This reminds me, I should be out sprinkling lime on our real but neglected grass.
I blogged a while back about rightwing thinktanks and their spurious claim that “leftist” activists and NGOs have too much influence on governments. This article by Katherine Wilson in Overland (via LP) shows an excellent example of how arse-about this is. The Charities Bill 2003, for which the IPA was paid to consult with the Commonwealth government, also sought to muzzle charities and their peak bodies.
Clause 8 of the draft Bill would exclude from charitable status organisations that have among their purposes:
-changing the law or Government policy
-advocating a cause…
The Overland article, though, deals mainly with Astroturf organisations, which the CIS and IPA are not.

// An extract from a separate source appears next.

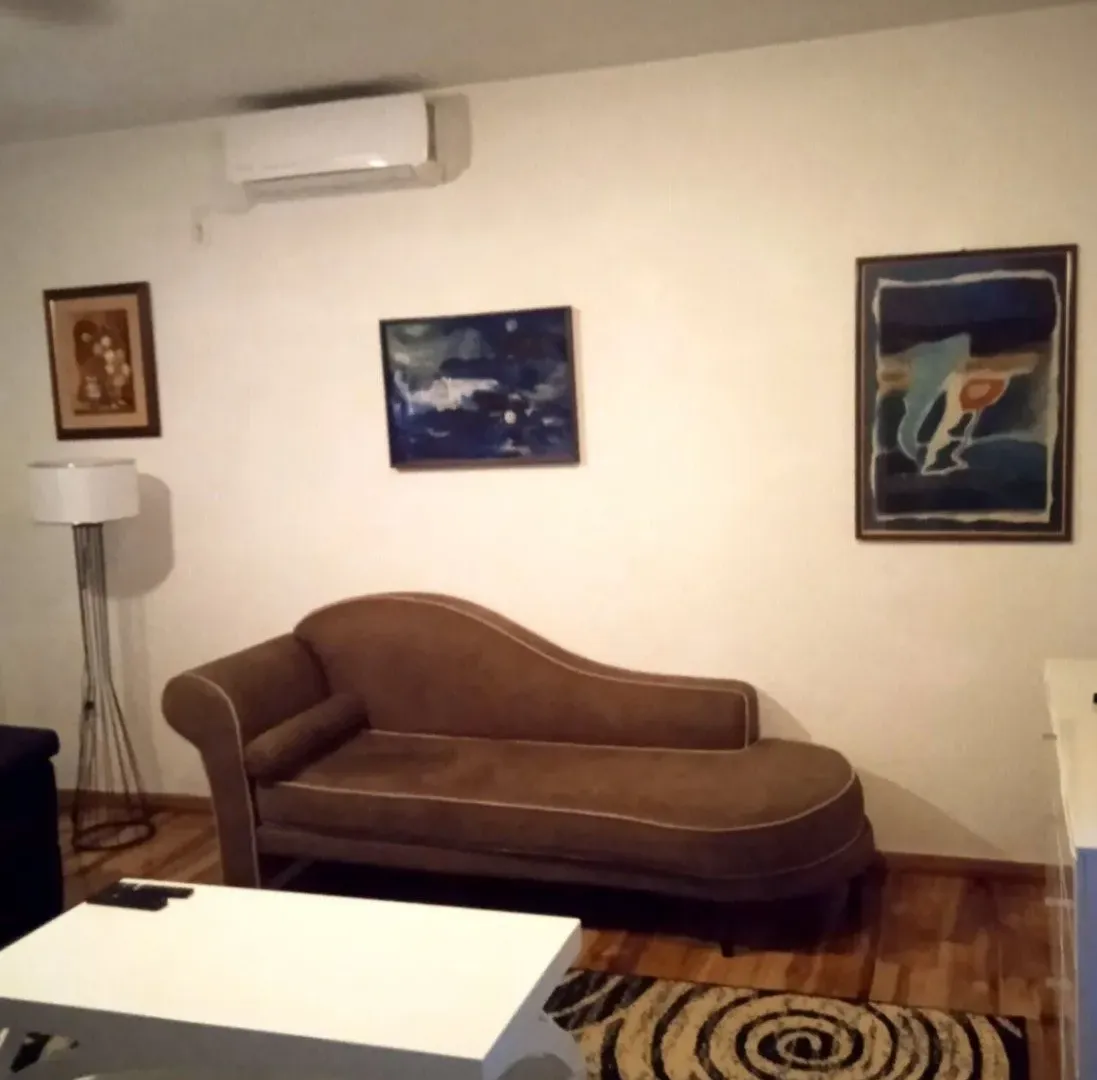 Izdavanje, kuća, 150m², Donja Lastva, Tivat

Astroturf organisations are fronts set up by industry peak bodies and corporations which are meant to look like grassroots organisations concerned with the environment, family, or whatever. The lovely Canadian bloke described in the article, Ross S. Irvine, was conducting a seminar.

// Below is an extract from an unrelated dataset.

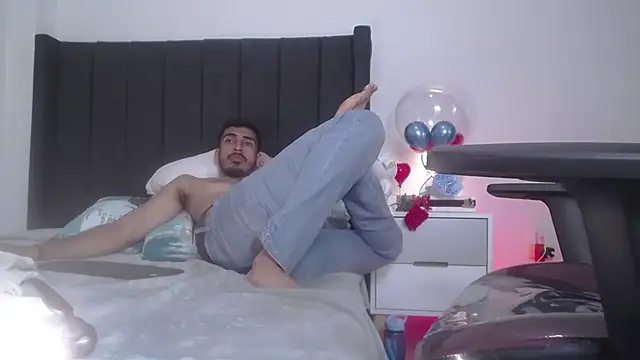 muscle ares online show from March 11, 2025, 2:51 pm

Held in a plush seminar room at a city business school, it cost A$595 for four hours, payable to the Public Relations Institute of Australia (PRIA).
In this workshop, I’d learn how to create bogus community groups, false statistics, and links with “far-right-wing nutso activists”. I’d learn to conflate “activist” with “terrorist” and “security threat”.
Read the whole thing. If you live in Melbourne, you might recognise someone from your local government there. Hello, Shannon Walker of Darebin local council. Hello, Liza McDonald of the Port of Melbourne Corporation.